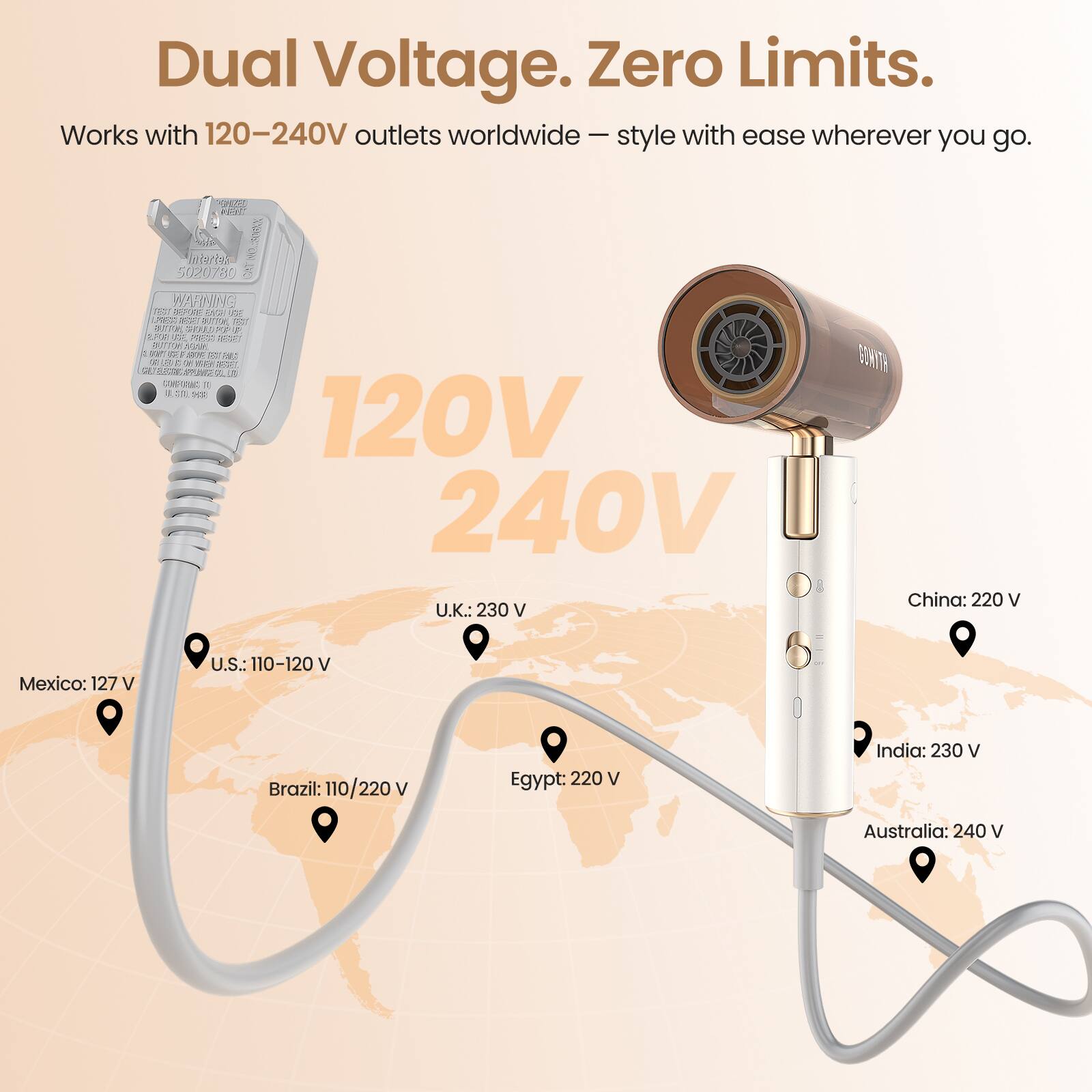 Dual Voltage. Zero Limits.  
Works with 120-240V outlets worldwide - style with ease wherever you go.

120V 240V

U.K.: 230 V  
China: 220 V  
Mexico: 127 V  
U.S.: 110-120 V  
Brazil: 110/220 V  
Egypt: 220 V  
India: 230 V  
Australia: 240 V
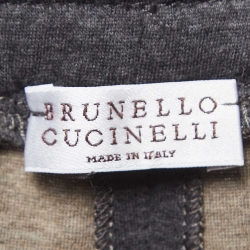 Brunello Cucinelli Grey Cotton Knit Sequin Detail Joggers XS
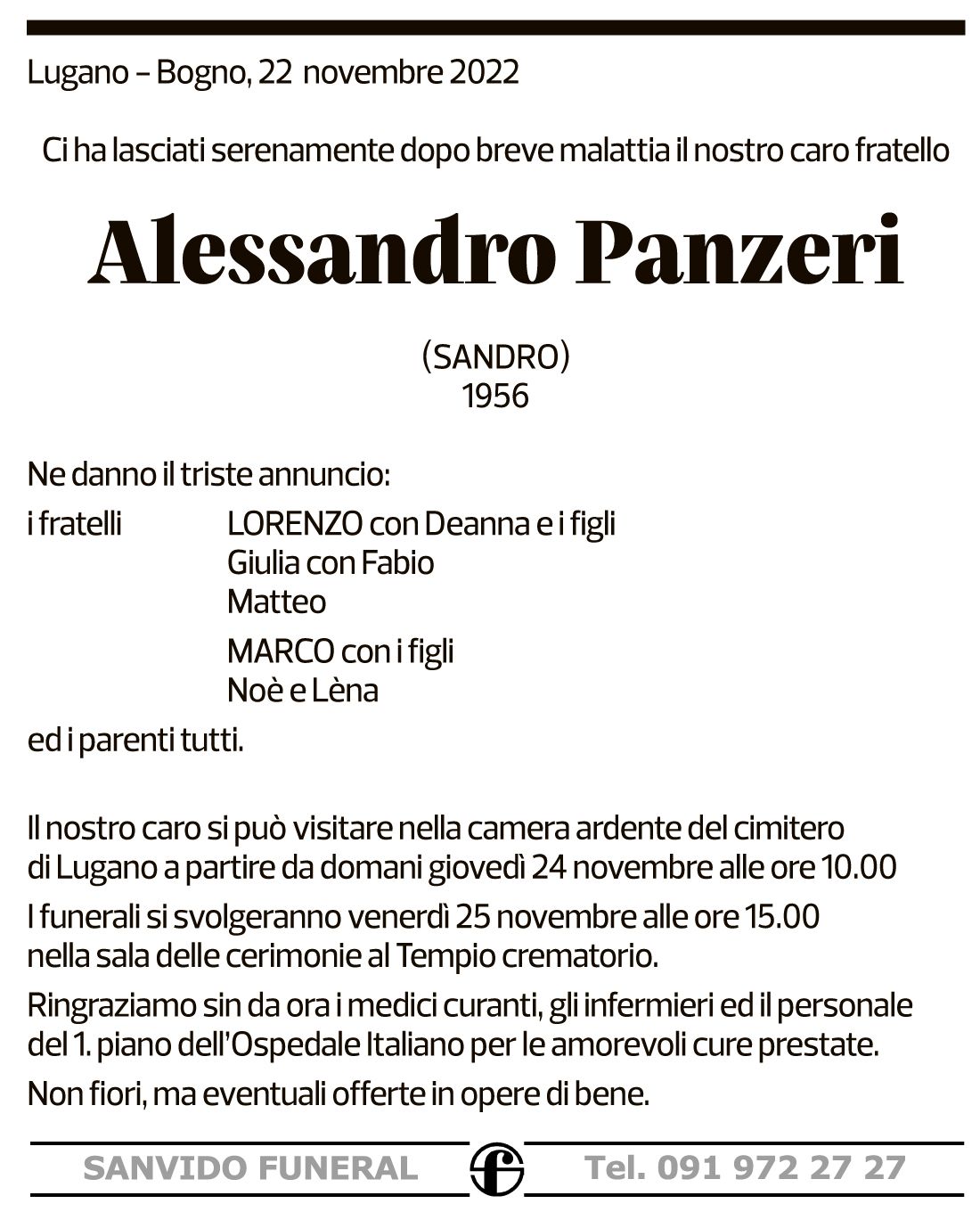 Annuncio funebre Alessandro Panzeri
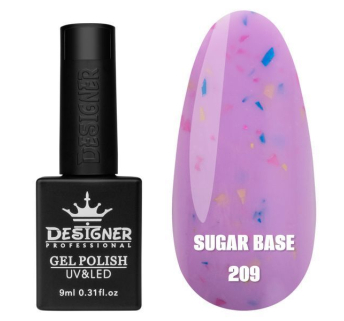 Кольорова база Sugar base 209 Designer (9 мл) - з різнокольоровими пластівцями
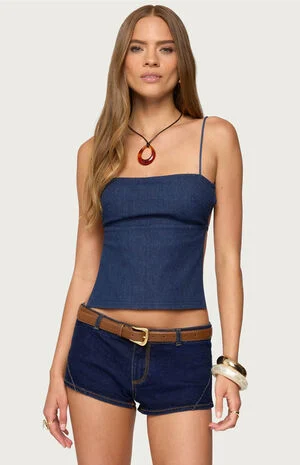 Conley Backless Denim Top image number 1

++++++++++

* Work request
Could you print all of the entries above exactly as written, minus the pictures?

* Response area
 Dual Voltage. Zero Limits.  
Works with 120-240V outlets worldwide - style with ease wherever you go.

120V 240V

U.K.: 230 V  
China: 220 V  
Mexico: 127 V  
U.S.: 110-120 V  
Brazil: 110/220 V  
Egypt: 220 V  
India: 230 V  
Australia: 240 V
 Brunello Cucinelli Grey Cotton Knit Sequin Detail Joggers XS
 Annuncio funebre Alessandro Panzeri
 Кольорова база Sugar base 209 Designer (9 мл) - з різнокольоровими пластівцями
 Conley Backless Denim Top image number 1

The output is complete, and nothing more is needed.